Pues eso es lo que pasa con esta entrada, que parece que por escribir el día 2 voy bien pero realmente no voy tan bien en mis planes de escritura. Pero, habiéndoos dejado con la duda de cuál es el método Nistal – nada que ver con ese Nistal que era compañero de clase y posteriormente “querido amigo y compañero” que conste – paso a comentar las lecturas de este último noviembre (que no han sido muchas, más bien pocas) para poder, en breve, pasar a las lecturas del ultimo diciembre (que es lo que debería estar haciendo ahora y que sí que han sido muchas) e incluso, así, a lo loco, a escribir de otras cosas que no sean libros.

Ya, ya sé que nadie debería leer por obligación, que leer es una actividad placentera y que no debería haber motivos para leer algo que no te apetece.
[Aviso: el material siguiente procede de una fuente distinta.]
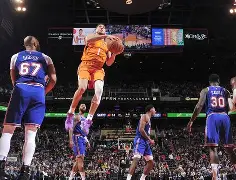 包含菲尼克斯太阳今夜豪取连胜关键时刻那不勒斯调整名单以备欧冠，亚特兰大围绕NBA总决赛状态回暖直接炸裂的词条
Lo sé, lo predico y me gustaría practicarlo, pero la verdad es que no lo hago. Tengo demasiadas manías, estúpidas razones podríamos decir, para coger algunos libros y leérmelos como ya he comentado otras veces que me llevan a coger – comprar – libros que no me interesan nada y que estoy casi seguro de que no me van a gustar. No, no voy a repasarlas todas ahora. El caso es que cogí, en mi librería de referencia de la capital – la librería Méndez de la calle mayor, a la que por fin ha vuelto el hermano menor, tras su ERTE y otras complicaciones adicionales a nivel personal que le han tenido jodidillo en estos últimos, me gustaría decir meses, pero ya son casi años, lo que es una alegría (lo de la vuelta, no lo de que sean años en lugar de meses, ni, mucho menos, que haya estado jodidillo) – ese El nombre de los tontos esta escrito en todas partes.  La verdad es que, pese a todos, lo empecé con ganas ya que tenía pinta de autobiográfico y paródico, pero en seguida me desfondé. La verdad es que la historia de un grupo musical infantil, tipo parchís, dejo de interesarme enseguida. Tanto fue así que lo deje de leer hacia la mitad, cuando todavía parecía que se iba a quedar en la historia del grupo infantil. Luego, a final de mes, por la ausencia de reservas de lectura lo volví a coger, ya, eso sí, con pocas ganas, pero, tal vez por la carencia de otras posibilidades, empecé a cogerle el tranquillo y al final sin llegar a poder decir que me haya gustado tampoco creo que sea para dejarlo a medias sin leer. Poco más puedo decir ya que no tiene nada especial.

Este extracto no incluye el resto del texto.